Comment by w10-1

Comment by w10-1 2 days ago

1 reply

The opportunity here is to automate detection of fake data used in papers.

I could be hard to do without access to data and costly integration. And like shorting, the difficulty is how to monetize. It could also be easy to game. Still...

The nice thing about the business is that market (publishing) is flourishing. Not sure about state of the art or availability of such services.

For sales: run it on recent publications, and quietly ping the editors with findings and a reasonable price.

Unclear though whether to brand in a user-visible way (i.e., where the journal would report to readers that you validate their stuff). It could drive uptake, but a glaring false negative would be a risk.

Structurally, perhaps should be a non-profit (which of course can accumulate profits at will). Does YC do deals without ownership, e.g., with profit-sharing agreements?

captn3m0 2 days ago

Elizabeth Bik (who is known for submitting such reports to journals) has a nice interview about this problem[0], which covers software as well.

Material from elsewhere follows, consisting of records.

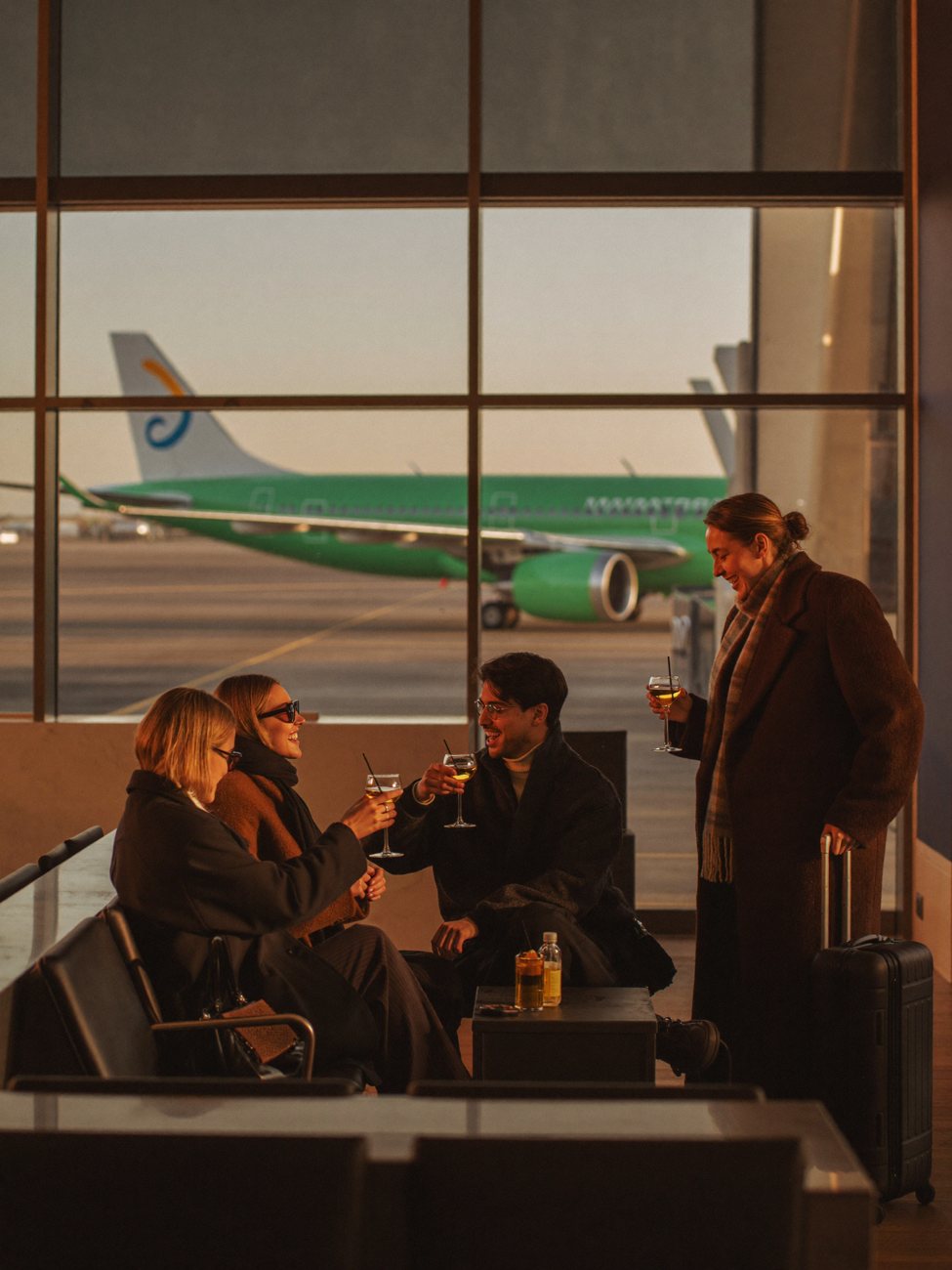Friends toasting cocktails at an airport lounge before a ski trip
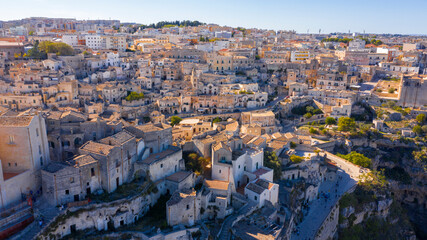 Fototapeta premium Aerial view on the Sassi di Matera, located in Basilicata, Italy. They represent the historic center of the city and are a World Heritage Site. They are rupestrian architectures carved into the rock.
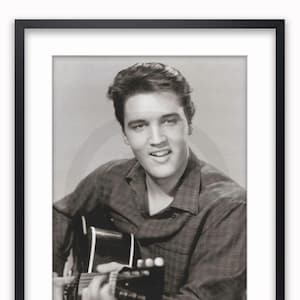 May include: Framed black and white print of a man playing a guitar. The man is smiling and wearing a plaid shirt. The print is in a black frame with a white mount.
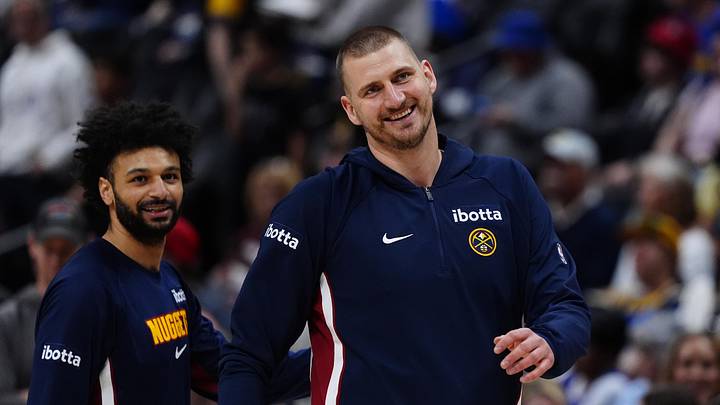Mar 22, 2026; Denver, Colorado, USA; Denver Nuggets center Nikola Jokic (15) and guard Jamal Murray (27) react before the game against the Portland Trail Blazers at Ball Arena. Mar 22, 2026; Denver, Colorado, USA; Denver Nuggets center Nikola Jokic (15) and guard Jamal Murray (27) react before the game against the Portland Trail Blazers at Ball Arena.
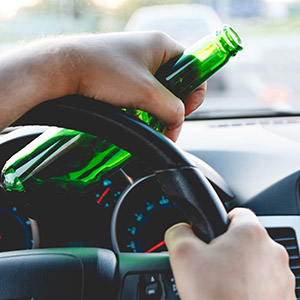 Hands on a steering wheel holding a beer bottle, symbolizing a first-time DWI
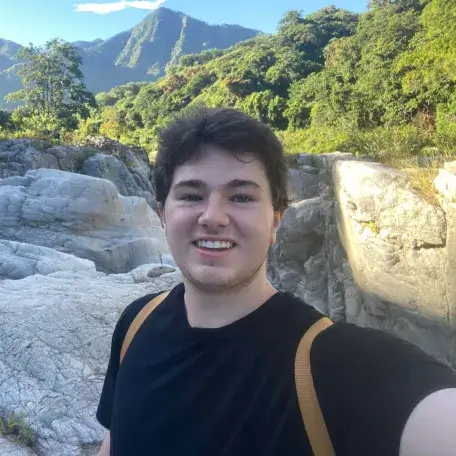Ryan standing in front of mountains and forests.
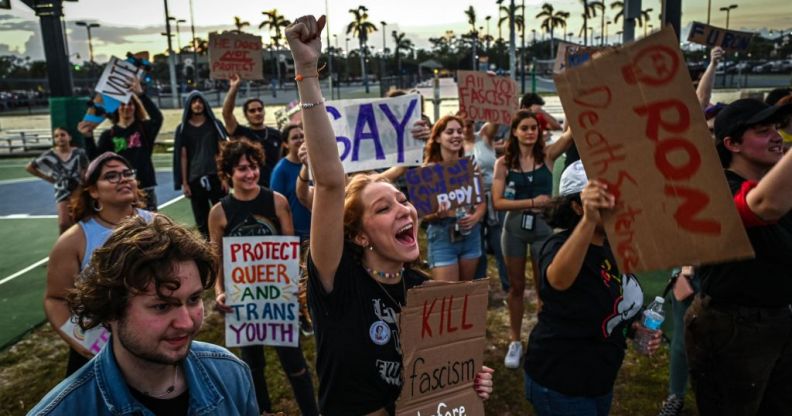 LGBTQ rights supporters protest against Florida Governor Ron Desantis outside a "Don't Tread on Florida" tour campaign event.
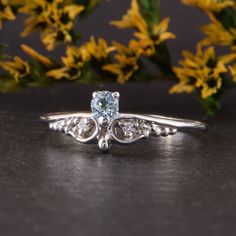 "Womens blue topaz silver ring, Unique small & dainty art deco topaz promise ring for her, Delicate filigree silver promise ring WE OFFER UNLIMITED PERIOD INSTALLMENTS PLAN This is a beautiful, stunning, feminine ring that works well for all occasions, styles, and ages. You will love it! Ring information Main stone: Sky topaz Approximate size: 3.0mm Accent stones: White cubic zirconia Approximate size: 1.5mm (2 stones) Approximate size: 1.25mm (2 stones) Metal type: Silver Metal stamp: 925 S Elegant Light Blue Diamond Ring, Dainty Topaz Promise Ring With Diamond Accents, Dainty Diamond Topaz Promise Ring, Dainty Sapphire Ring With Center Stone, Dainty White Gold Topaz Ring For Anniversary, Elegant Light Blue Rings With Prong Setting, Elegant Light Blue Topaz Ring With Prong Setting, Dainty Sterling Silver Diamond Ring With Rose Cut, Dainty Sterling Silver Ring With Rose Cut Diamonds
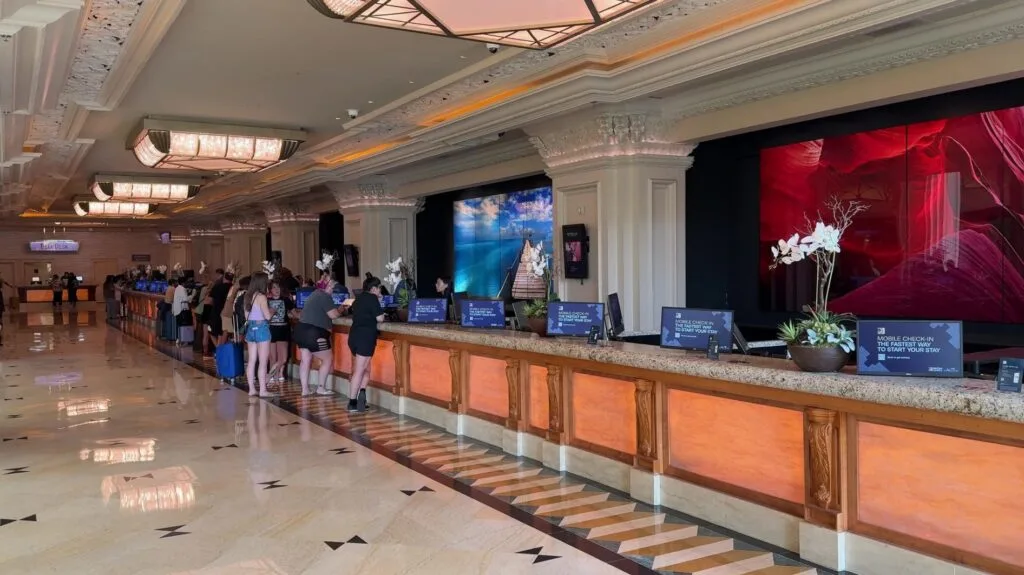 The hotel front desk, with decorative chandeliers overhead.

> After I raised my concerns about 4% of papers having image problems, some other journals upped their game and have hired people to look for these things. This is still mainly being done I believe by humans, but there is now software on the market that is being tested by some publishers to screen all incoming manuscripts. The software will search for duplications but can also search for duplicated elements of photos against a database of many papers, so it’s not just screening within a paper or across two papers or so, but it is working with a database to potentially find many more examples of duplications. I believe one of the software packages that is being tested is Proofig.